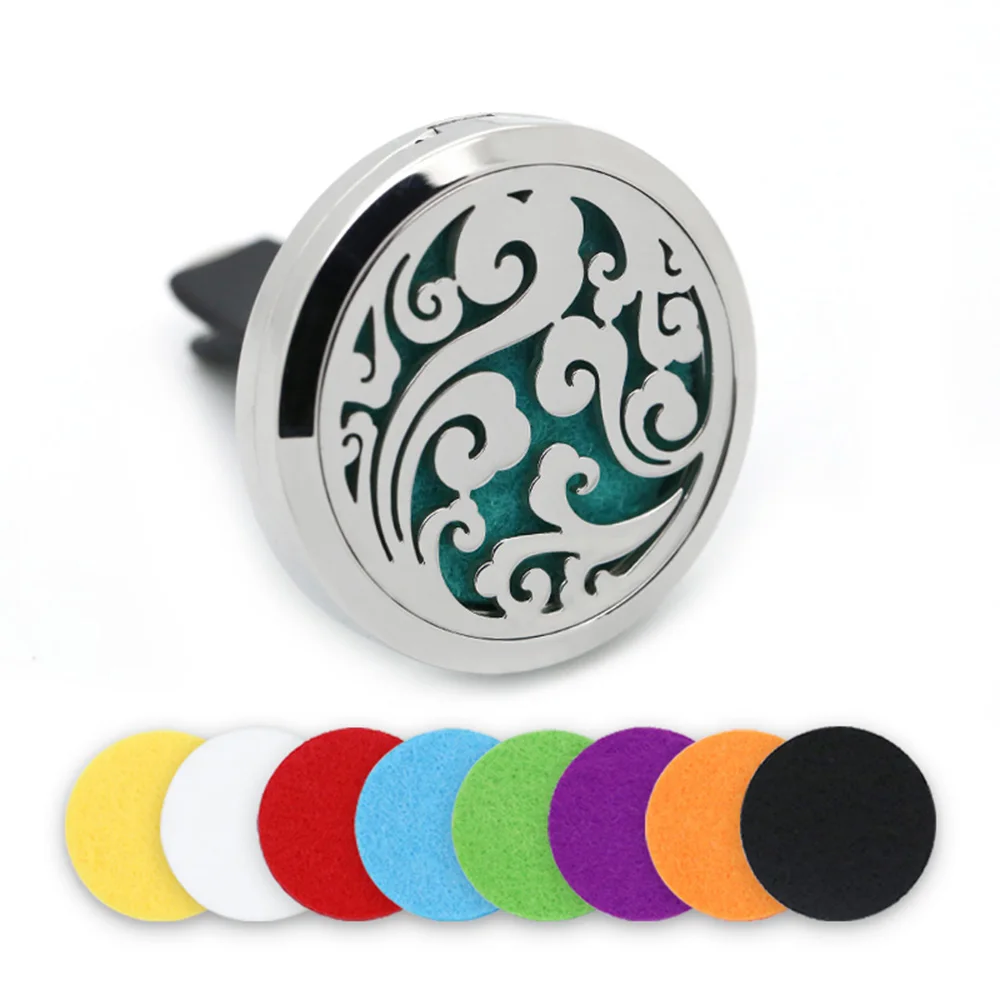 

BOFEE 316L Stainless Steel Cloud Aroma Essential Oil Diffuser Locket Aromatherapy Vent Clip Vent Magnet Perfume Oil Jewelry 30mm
----
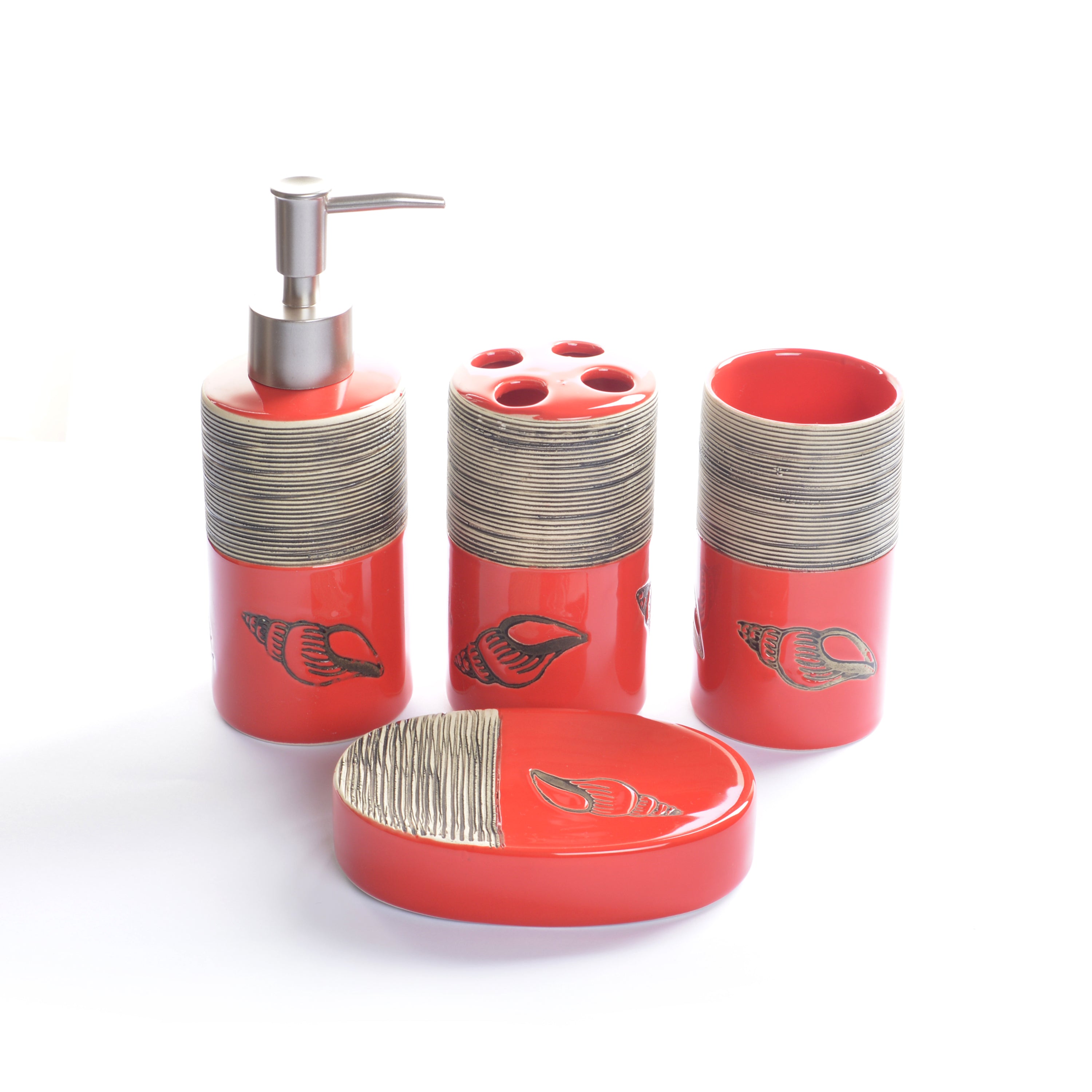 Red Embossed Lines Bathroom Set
----
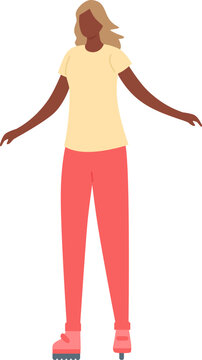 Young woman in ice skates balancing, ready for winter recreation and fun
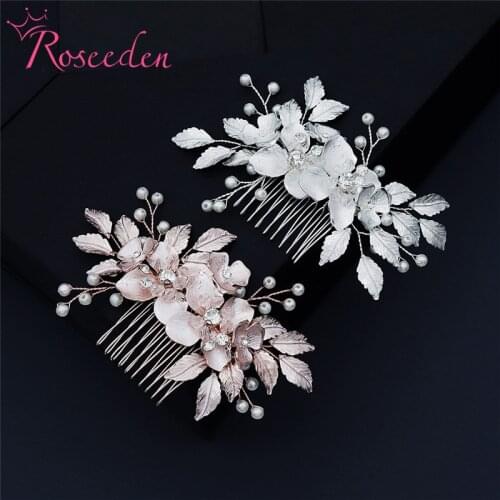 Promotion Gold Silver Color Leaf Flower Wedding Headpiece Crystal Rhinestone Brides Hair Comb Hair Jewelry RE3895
----
Output exactly those lines of the data above that run from the line with "Young woman in" up to and including the line with "Promotion Gold Silver". No pictures go in.

 Young woman in ice skates balancing, ready for winter recreation and fun
 Promotion Gold Silver Color Leaf Flower Wedding Headpiece Crystal Rhinestone Brides Hair Comb Hair Jewelry RE3895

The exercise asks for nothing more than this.